**Caption-style text data**
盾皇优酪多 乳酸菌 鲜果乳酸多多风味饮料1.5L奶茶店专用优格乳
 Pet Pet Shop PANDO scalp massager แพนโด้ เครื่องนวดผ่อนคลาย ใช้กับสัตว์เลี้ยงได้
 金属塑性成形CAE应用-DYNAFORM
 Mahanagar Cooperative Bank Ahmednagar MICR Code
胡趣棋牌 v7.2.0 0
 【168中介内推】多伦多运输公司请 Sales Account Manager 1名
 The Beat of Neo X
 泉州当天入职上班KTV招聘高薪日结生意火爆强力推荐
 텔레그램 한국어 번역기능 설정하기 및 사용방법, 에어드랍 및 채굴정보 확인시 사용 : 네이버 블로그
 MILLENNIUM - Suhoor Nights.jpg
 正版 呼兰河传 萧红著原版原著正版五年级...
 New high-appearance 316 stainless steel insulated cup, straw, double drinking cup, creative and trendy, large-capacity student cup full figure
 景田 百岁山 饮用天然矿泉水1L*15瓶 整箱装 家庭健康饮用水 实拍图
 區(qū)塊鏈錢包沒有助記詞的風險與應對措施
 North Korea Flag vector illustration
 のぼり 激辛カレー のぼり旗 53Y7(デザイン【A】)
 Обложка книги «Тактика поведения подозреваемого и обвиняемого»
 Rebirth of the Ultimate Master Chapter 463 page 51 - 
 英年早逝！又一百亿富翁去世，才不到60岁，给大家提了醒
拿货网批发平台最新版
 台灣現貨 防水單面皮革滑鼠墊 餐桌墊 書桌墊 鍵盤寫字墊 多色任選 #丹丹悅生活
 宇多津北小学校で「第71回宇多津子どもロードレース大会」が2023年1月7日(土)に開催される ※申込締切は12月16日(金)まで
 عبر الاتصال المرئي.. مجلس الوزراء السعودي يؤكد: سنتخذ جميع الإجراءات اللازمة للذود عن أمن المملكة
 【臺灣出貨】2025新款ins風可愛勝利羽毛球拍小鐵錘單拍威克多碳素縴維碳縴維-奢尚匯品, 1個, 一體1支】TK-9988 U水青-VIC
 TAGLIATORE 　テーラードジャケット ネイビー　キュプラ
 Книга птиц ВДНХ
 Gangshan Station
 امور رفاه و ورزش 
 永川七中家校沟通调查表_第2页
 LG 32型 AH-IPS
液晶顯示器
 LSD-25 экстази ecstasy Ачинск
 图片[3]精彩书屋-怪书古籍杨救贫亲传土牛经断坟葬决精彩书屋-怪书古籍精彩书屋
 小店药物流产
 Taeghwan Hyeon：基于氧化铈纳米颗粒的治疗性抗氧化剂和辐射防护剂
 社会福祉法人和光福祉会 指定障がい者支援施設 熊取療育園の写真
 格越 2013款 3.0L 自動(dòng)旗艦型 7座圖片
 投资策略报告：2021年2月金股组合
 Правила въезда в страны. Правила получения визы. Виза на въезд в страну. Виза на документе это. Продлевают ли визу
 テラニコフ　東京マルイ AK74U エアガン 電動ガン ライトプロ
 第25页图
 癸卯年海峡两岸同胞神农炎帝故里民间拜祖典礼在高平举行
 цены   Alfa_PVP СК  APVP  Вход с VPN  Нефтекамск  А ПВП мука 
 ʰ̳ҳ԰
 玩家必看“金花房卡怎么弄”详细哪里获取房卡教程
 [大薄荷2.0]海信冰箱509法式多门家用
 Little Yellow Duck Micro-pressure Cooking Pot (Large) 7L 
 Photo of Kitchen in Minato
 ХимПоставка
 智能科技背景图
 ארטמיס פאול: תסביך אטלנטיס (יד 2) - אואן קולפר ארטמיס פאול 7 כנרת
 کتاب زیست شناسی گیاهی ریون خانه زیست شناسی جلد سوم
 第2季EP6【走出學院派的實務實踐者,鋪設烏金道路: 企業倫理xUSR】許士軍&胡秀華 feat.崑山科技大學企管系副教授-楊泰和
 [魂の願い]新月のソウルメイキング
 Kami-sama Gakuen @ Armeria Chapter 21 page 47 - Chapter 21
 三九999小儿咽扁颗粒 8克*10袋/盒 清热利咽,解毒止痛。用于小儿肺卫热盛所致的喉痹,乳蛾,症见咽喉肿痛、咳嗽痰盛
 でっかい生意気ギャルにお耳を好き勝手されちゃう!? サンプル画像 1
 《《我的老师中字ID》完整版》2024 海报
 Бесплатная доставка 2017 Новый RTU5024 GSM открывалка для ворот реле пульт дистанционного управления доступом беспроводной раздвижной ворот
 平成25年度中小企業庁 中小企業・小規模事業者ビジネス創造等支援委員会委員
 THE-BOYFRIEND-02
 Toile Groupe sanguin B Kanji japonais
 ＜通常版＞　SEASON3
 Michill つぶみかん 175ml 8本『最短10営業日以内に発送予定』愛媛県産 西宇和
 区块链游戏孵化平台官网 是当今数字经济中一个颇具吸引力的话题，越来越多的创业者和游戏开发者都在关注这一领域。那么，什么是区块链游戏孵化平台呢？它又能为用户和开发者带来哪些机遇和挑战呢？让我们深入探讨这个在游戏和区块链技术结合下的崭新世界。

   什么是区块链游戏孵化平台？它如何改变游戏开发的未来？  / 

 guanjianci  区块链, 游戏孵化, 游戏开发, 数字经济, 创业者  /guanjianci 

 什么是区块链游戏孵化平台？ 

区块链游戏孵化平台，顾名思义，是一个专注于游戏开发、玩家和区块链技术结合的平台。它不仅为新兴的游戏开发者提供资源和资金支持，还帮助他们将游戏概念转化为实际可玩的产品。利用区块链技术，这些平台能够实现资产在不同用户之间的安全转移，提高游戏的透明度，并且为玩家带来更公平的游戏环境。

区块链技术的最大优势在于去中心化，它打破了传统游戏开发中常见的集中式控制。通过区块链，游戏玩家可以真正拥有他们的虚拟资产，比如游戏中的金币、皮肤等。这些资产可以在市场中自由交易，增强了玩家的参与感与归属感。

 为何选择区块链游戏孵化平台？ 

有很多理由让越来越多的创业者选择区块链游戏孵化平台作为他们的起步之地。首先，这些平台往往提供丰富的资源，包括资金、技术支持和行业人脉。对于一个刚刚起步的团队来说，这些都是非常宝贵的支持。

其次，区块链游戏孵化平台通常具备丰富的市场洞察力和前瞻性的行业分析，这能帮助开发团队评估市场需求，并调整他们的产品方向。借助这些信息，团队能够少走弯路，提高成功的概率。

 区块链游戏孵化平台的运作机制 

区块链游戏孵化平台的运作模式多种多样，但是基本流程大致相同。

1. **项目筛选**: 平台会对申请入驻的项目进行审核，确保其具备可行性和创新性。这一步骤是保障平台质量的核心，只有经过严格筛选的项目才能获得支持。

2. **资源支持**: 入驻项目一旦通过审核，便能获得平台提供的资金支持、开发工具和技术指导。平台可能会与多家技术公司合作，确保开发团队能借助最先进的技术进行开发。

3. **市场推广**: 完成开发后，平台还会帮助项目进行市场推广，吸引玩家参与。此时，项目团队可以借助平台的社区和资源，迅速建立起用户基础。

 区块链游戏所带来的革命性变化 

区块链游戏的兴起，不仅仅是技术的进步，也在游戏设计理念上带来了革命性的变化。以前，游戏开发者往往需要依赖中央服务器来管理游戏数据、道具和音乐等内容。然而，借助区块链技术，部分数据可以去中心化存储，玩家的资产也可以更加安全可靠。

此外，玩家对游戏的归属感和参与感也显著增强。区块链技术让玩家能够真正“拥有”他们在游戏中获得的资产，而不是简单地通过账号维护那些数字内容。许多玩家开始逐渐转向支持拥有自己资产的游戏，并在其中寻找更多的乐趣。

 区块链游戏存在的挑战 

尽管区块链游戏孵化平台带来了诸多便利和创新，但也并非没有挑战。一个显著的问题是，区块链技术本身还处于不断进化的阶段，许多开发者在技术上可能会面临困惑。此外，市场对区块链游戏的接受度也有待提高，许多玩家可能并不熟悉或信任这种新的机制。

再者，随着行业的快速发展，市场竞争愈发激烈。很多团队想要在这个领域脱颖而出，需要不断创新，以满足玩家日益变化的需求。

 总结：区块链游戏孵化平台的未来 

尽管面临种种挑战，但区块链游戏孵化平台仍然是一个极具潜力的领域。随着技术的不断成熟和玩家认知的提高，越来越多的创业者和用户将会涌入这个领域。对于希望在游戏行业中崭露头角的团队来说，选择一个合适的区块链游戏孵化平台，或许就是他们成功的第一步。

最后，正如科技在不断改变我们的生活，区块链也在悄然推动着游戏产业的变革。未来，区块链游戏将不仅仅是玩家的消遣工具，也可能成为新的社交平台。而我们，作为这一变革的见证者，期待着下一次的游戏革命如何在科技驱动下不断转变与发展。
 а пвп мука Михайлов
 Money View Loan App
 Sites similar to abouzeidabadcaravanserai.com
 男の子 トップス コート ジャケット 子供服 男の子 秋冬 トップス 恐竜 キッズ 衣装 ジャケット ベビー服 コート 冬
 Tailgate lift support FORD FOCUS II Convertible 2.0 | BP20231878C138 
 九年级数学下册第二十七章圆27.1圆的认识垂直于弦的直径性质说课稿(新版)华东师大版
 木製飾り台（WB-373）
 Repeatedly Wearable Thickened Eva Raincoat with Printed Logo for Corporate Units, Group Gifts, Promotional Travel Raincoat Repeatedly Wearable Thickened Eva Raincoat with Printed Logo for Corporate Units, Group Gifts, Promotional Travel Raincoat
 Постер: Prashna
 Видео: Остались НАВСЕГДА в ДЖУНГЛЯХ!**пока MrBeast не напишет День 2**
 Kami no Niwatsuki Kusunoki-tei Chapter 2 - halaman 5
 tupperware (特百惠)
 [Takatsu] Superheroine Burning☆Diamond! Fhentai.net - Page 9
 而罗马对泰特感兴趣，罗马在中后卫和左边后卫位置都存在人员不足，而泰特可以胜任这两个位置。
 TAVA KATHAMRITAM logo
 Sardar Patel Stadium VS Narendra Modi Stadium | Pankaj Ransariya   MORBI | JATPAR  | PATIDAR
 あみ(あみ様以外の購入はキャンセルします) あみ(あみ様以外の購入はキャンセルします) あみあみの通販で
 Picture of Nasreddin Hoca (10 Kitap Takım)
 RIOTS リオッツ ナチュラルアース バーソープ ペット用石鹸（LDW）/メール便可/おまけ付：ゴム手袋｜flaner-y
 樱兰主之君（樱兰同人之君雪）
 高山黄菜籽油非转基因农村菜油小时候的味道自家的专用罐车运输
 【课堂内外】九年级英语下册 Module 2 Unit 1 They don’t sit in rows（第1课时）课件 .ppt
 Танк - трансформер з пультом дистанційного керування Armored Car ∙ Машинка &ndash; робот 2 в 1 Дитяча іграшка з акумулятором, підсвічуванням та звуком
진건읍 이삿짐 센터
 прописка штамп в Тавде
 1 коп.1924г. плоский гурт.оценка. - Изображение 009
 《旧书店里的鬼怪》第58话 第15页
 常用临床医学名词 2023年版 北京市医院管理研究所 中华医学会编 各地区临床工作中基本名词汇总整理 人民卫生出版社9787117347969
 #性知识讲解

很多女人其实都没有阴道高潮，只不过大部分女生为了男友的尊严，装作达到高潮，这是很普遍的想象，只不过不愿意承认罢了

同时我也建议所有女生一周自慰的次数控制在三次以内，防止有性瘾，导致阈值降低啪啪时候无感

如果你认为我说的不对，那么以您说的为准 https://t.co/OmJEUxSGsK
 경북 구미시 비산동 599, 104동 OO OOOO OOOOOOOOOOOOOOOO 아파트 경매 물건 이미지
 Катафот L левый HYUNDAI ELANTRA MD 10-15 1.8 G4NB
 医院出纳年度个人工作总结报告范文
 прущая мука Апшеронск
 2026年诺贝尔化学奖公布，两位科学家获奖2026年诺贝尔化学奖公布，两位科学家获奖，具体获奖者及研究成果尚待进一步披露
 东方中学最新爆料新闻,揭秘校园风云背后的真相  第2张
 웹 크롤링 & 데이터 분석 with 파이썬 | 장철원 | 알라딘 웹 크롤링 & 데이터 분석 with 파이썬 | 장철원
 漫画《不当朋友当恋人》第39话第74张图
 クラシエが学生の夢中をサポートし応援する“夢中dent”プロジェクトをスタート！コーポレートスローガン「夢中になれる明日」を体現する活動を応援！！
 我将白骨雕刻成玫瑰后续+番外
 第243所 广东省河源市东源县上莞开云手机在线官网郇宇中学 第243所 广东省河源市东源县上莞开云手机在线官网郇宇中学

**WORK INSTRUCTION**
Work through the records line by line and tally those that include the word "мука". Give the number alone.

**ANSWER AREA**
3